Cortland Community Service Club sponsored the race.
The proceeds, raised from tickets sold for each sponsored rubber duck, are disbursed through grants, and since 2004, 28 organizations have received funding from the derby, including the YWCA, YMCA and J.M. McDonald Sports Complex.
Ryan Allyn, 35, and Brianna Timmons-Allyn, 29, of Cortland, brought their son Wyatt, 3, and Jasper, 16 months, to watch the ducks float along Dry Creek from the Hamlin Street bridge toward the finish line near a footbridge over the creek
Both parents thought that they were more excited for the derby than their children.
“(It) signifies the beginning of sunshine season,” said Timmons-Allyn.
The family had spent all morning thinking about duck names, said Allyn.
“It’s a very scientific process,” he said.
Beth and Dann Gailor of Cortland also enjoyed the race that always coincides with the Kentucky Derby with their son Seamus, 10, and his friend Isabella Wallace, 10, of Homer.
“I love watching the ducks,” said Seamus Gailor.
“Yeah that was my favorite part,” said Isabella Wallace “and hanging out with my friends.”
The Gailors made sure that they got their ducks early.
“First that they came out, we got our tickets,” said Dann Gailor.
The ducks bobbed past obstacles labeled with such names as Chicago and St. Louis.

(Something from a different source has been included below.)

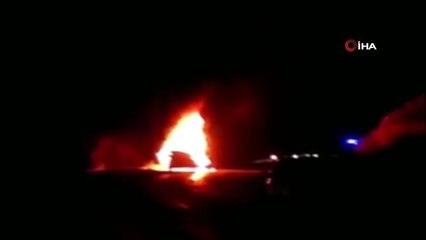 Çapa motoruyla çarpışan otomobil alev alev böyle yandı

This year’s derby had a Route 66 theme — the idea of Ryan’s 9-year-old son, Jack, said Michelle Ryan, Jack’s mother.
“You see, they love the ‘Cars’ movie, so I think that’s why,” said Michelle Ryan.

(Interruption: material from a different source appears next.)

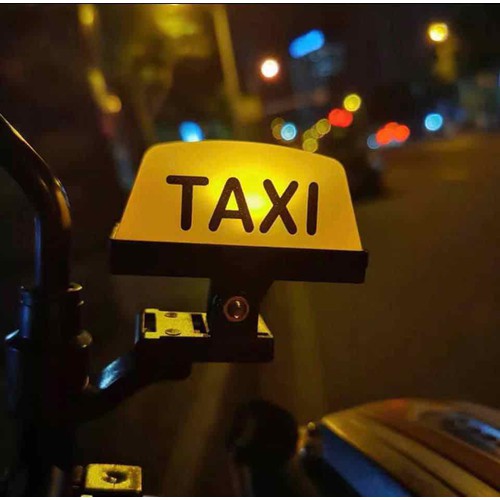 ĐÈN TAXI GẮN TRANG TRÍ XE MÁY (đèn có 4 chế độ sáng, dùng pin sạc, kèm dây sạc cổng USB) Đèn LED chiếu sáng đa năng dùng cho xe máy thiết kế kiểu đèn taxi sạc USB - MTAXIS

Route 66 features prominently in the 2006 Pixar flick about anthropomorphic vehicles.
Jack Ryan also waded out into the creek to direct at least a dozen ducks that had become stranded on rocks.
The props placed in and beside the creek spoofing different Route 66 sights — including Berma Shave billboards and brightly painted ducks meant to resemble Cadillac Ranch in Amarillo, Texas —were created by Chris Ryan.
Gary Gerber of Marathon had the first duck to cross the finish line, despite stiff competition from two other ducks in a near photo-finish. Gerber won $2,500.